Marx lamented that farmlands were depleted but didn’t pin down where consumed but undigested nutrients end up. Today, we know exactly what happens to them. As we eat, we take the nutrients, such as nitrogen, phosphorus, and potassium, out of farmlands and deposit them, by way of wastewater effluent, someplace else—usually in a nearby body of water. Our industrial treatment systems separate the so-called biosolids out of the sewage stream, purify the water, and release it back to nature, but they rarely extract these essential nutrients in the process. Instead of fertilizing the fields then, the nutrients fertilize the waterways—and wreak havoc in them.

The nutrients overfertilize the water, causing what scientists call eutrophication or nitrogen overloading, which fuels toxic algae blooms, destroys coastal marshes, kills mangrove forests, and smothers corals. What happens with the remaining biosolids—a euphemism for the malodorous, pathogen-infested black muck—is equally ugly. Sometimes it’s burned, releasing carbon dioxide in the atmosphere and contributing to greenhouse gas emissions. Sometimes it’s dried and landfilled together with trash, where it rots, and, as with burning, similarly ramps up greenhouse gasses.
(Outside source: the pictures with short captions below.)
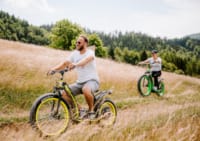 a man and a boy riding bikes
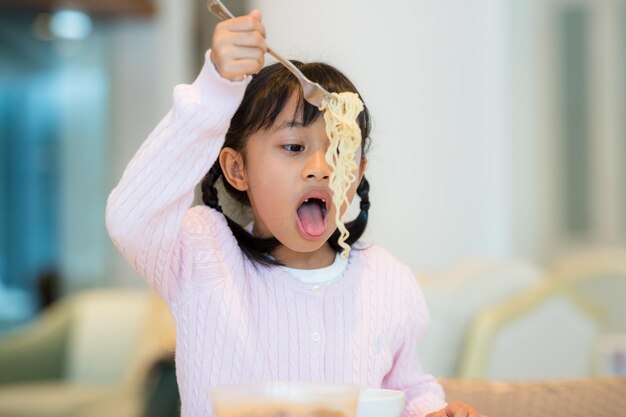 小さな女の子がインスタントヌードルを食べる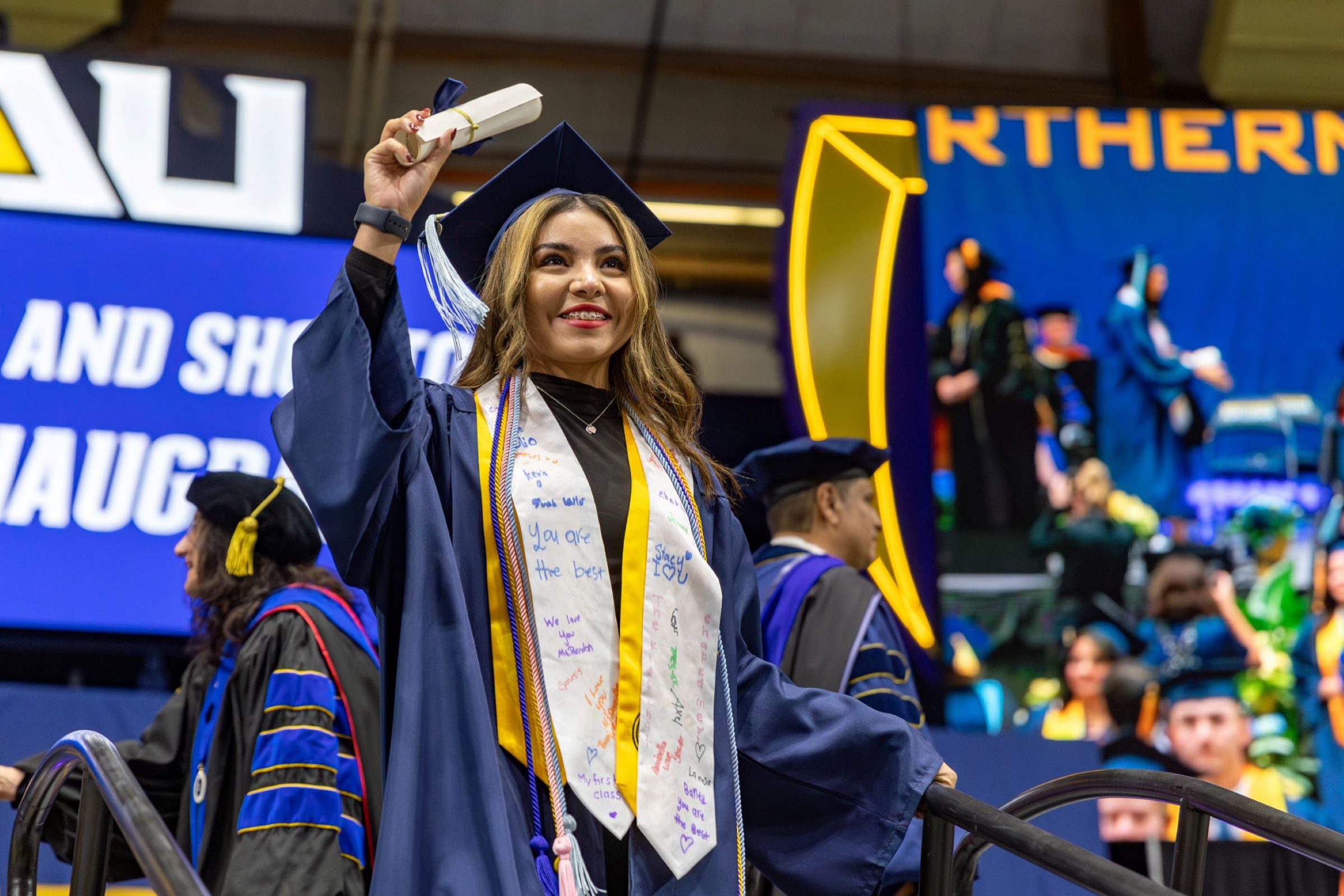 A student holds up their diploma at N A U commencement.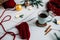 Knitting needles, coffee and candles, fir sprigs and Christmas lights on white background.
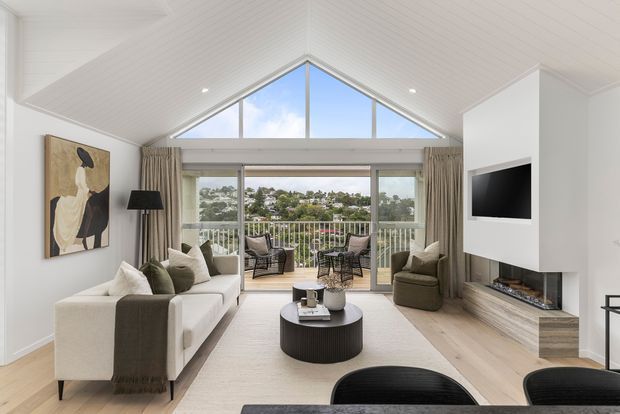 Bright contemporary living room with a vaulted white timber-lined ceiling and prominent triangular clerestory glazing. The room has pale timber flooring, white walls, a large cream sofa, dark accent armchairs, a round black coffee table, a wall-mounted television, and a linear fireplace within built-in joinery. Sliding glass doors open to a balcony overlooking a leafy residential landscape.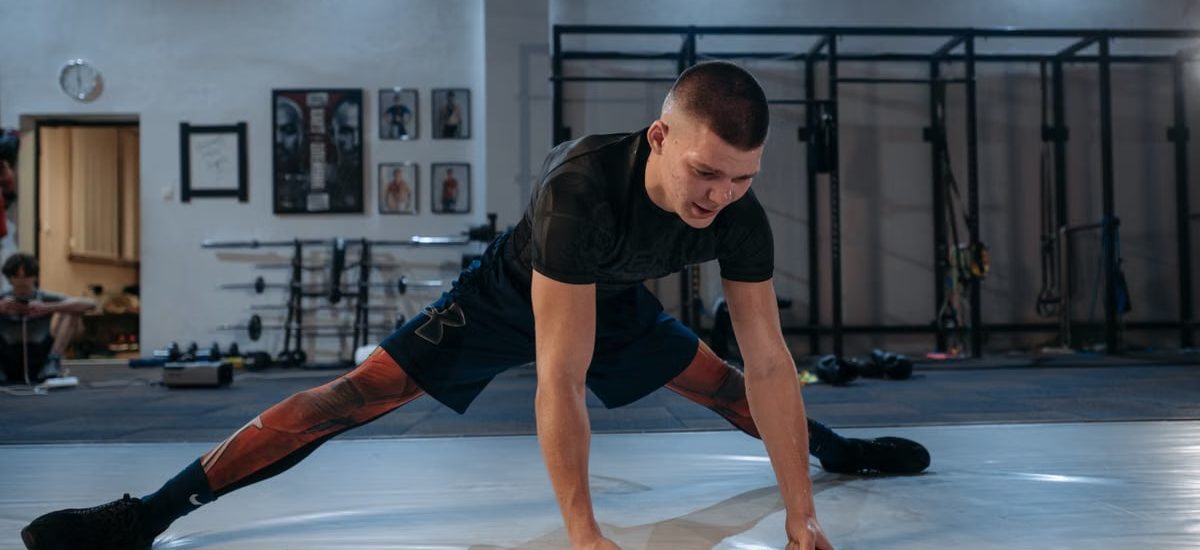 A male athlete stretches intensely in a dimly lit gym environment, preparing for training.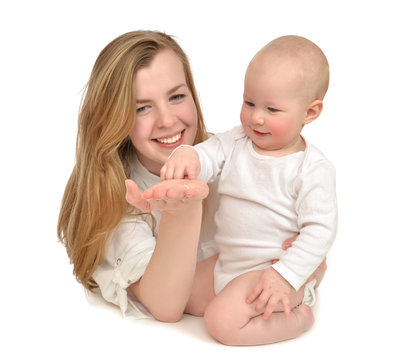 mother woman holding hugging playing with infant child baby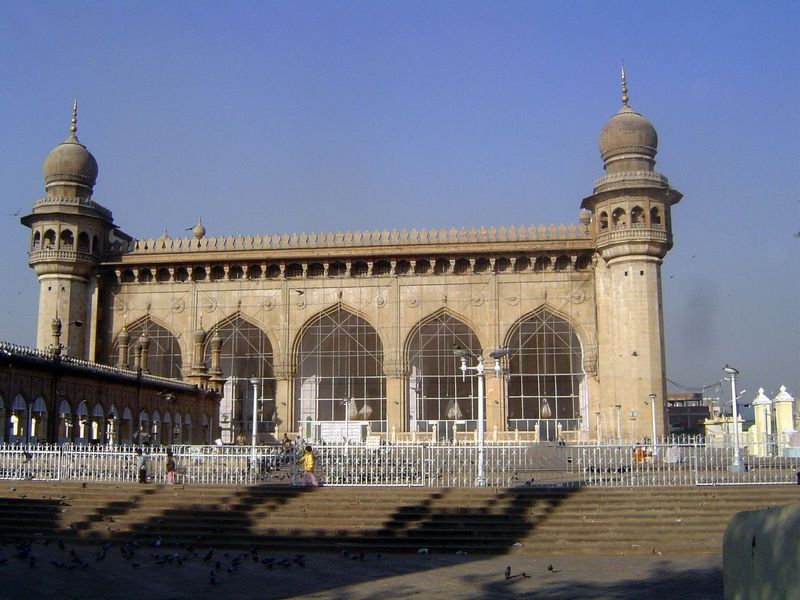 At ground level, looking across the large courtyard in front of the mosque. The structure on the left covers the tombs of Hyderabad's nizams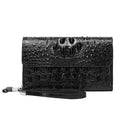 Black crocodile skin clutch bag on a white background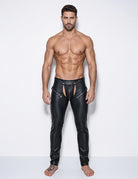 Men's black faux leather tight-fit pants, studded waistband and front cutout detail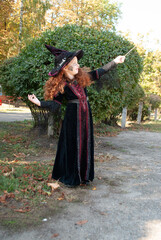 a girl with red hair in a witch costume for Halloween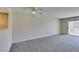 Bright, airy living room with sliding glass doors to a balcony and a ceiling fan at 8070 W Russell Rd # 2121, Las Vegas, NV 89113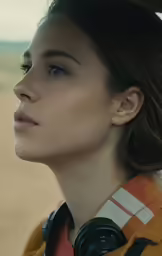 the woman with large earring is looking ahead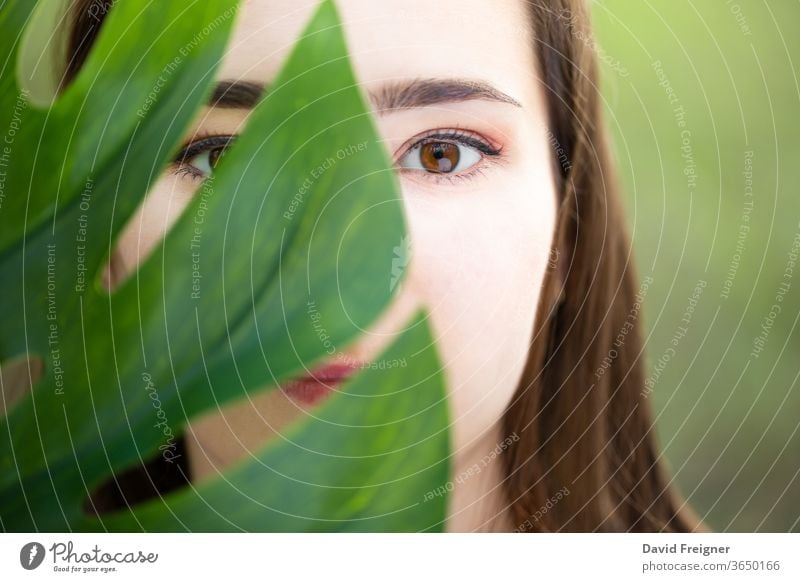 Beautiful natural young woman closeup behind big monstera leaf with green background in the woods. skin beautiful girl beauty health model female nature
Jones Island Activated Sludge Plant

Meanwhile, although unsightly and smelly, biosolids are full of the same essential nutrients—nitrogen, phosphorus, and potassium—on which plants thrive. They are also full of undigested organic matter, so when processed properly to kill pathogens, biosolids make for rich compost. Applying biosolids to land has a slew of agricultural benefits, as a recent study demonstrated when it was applied to barren and sandy soils. Doing so perpetuates circular agriculture: we take food from the earth and we replenish its nutrients with our metabolic output.

Why then do municipalities burn or landfill such assets? Part of it is expense; converting biosolids to fertilizer that’s safe to put on the fields is costly. It requires specialized equipment that many wastewater plants lack. But there are societal reasons, too. For about 200 years we had been conditioned to think of sewage as an ultimate waste, epitomizing disease and as such it must be destroyed through burning or stashed as far away from us as possible in landfill. Taxpayers are willing to pay for clean water, but not processing sewage, which they misperceive as the ultimate waste substance.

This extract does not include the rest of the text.